Now, I’ll clean the web scrape to make it match the first dataset.

bestsellers_web_scrape_clean <- bestsellers_web_scrape |> # saving this chunk into a new object and starting with the data
  mutate(year = year(date), # making a year column
         week = date, # making a new date column called "week" to match the first dataset
         author = str_remove_all(author, "by "), # removing the "by " from the author column
         rank = as.numeric(rank)) |> # changing the rank column from int to dbl
  select(year,
         week,
         rank,
         title,
         author,
         publisher,
         description) |> # putting the columns in the same order as the first dataset
  glimpse() # glimpsing the data
Rows: 3,345
Columns: 7
$ year        <dbl> 2020, 2020, 2020, 2020, 2020, 2020, 2020, 2020, 2020, 2020…
$ week        <date> 2020-12-13, 2020-12-13, 2020-12-13, 2020-12-13, 2020-12-1…
$ rank        <dbl> 1, 2, 3, 4, 5, 6, 7, 8, 9, 10, 11, 12, 13, 14, 15, 1, 2, 3…
$ title       <chr> "READY PLAYER TWO", "DEADLY CROSS", "THE RETURN", "A TIME …
$ author      <chr> "Ernest Cline", "James Patterson", "Nicholas Sparks", "Joh…
$ publisher   <chr> "Ballantine", "Little, Brown", "Grand Central", "Doubleday…
$ description <chr> "In a sequel to “Ready Player One,” Wade Watts discovers a…

Combining the data

Now that both of the hardcover fiction datasets have the same columns, I’ll combine them.
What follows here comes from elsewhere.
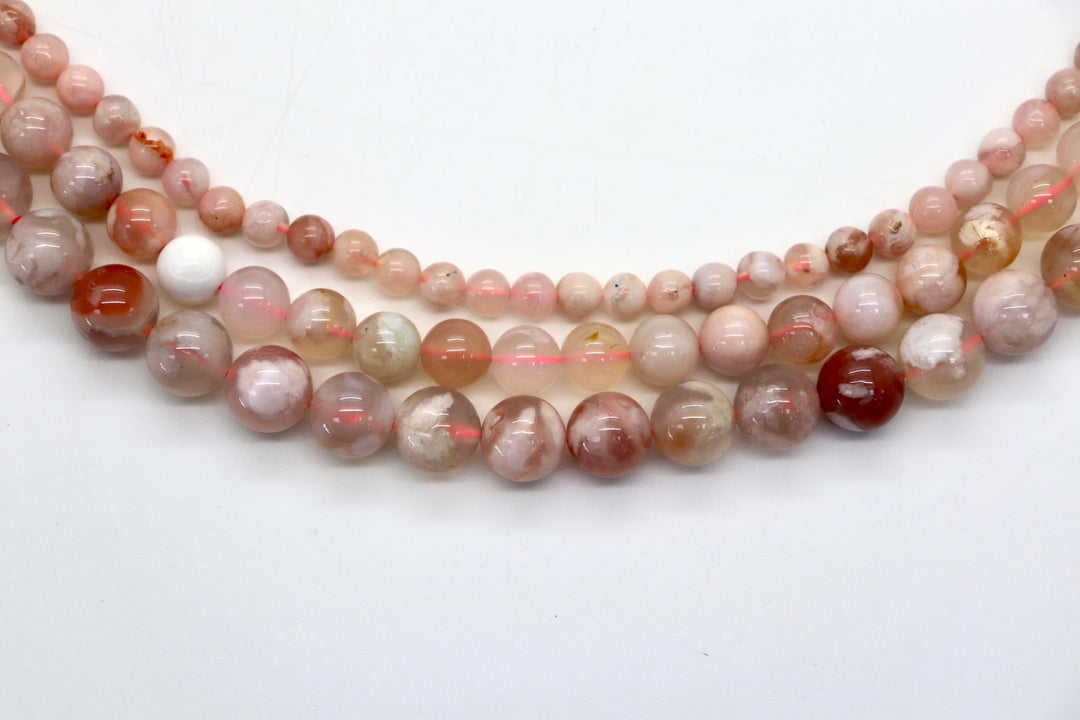 Cherry Blossom Flower Agate Round Smooth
All of the rows from the Post45 data set will have NA for the publisher and description, but I’m not worried about it.

bestsellers_full <- bestsellers_post_45_clean |> # saving this chunk into a new object and starting with the data
  bind_rows(bestsellers_web_scrape_clean) |> # binding the two datasets together
  glimpse()
Rows: 63,731
Columns: 7
$ year        <dbl> 1931, 1931, 1931, 1931, 1931, 1931, 1931, 1931, 1931, 1931…
$ week        <date> 1931-10-12, 1931-10-12, 1931-10-12, 1931-10-12, 1931-10-1…
$ rank        <dbl> 1, 2, 3, 4, 5, 1, 2, 3, 4, 5, 1, 2, 3, 1, 2, 3, 1, 2, 3, 1…
$ title       <chr> "THE TEN COMMANDMENTS", "FINCHE'S FORTUNE", "THE GOOD EART…
$ author      <chr> "Warwick Deeping", "Mazo de la Roche", "Pearl S. Buck", "W…
$ publisher   <chr> NA, NA, NA, NA, NA, NA, NA, NA, NA, NA, NA, NA, NA, NA, NA…
$ description <chr> NA, NA, NA, NA, NA, NA, NA, NA, NA, NA, NA, NA, NA, NA, NA…

Fixing non-split columns

There are actually some columns from the Post 45 data set where the title and author aren’t split properly.

I’ll start by getting rid of those columns from the main data set, then creating a new object with just those columns to fix them.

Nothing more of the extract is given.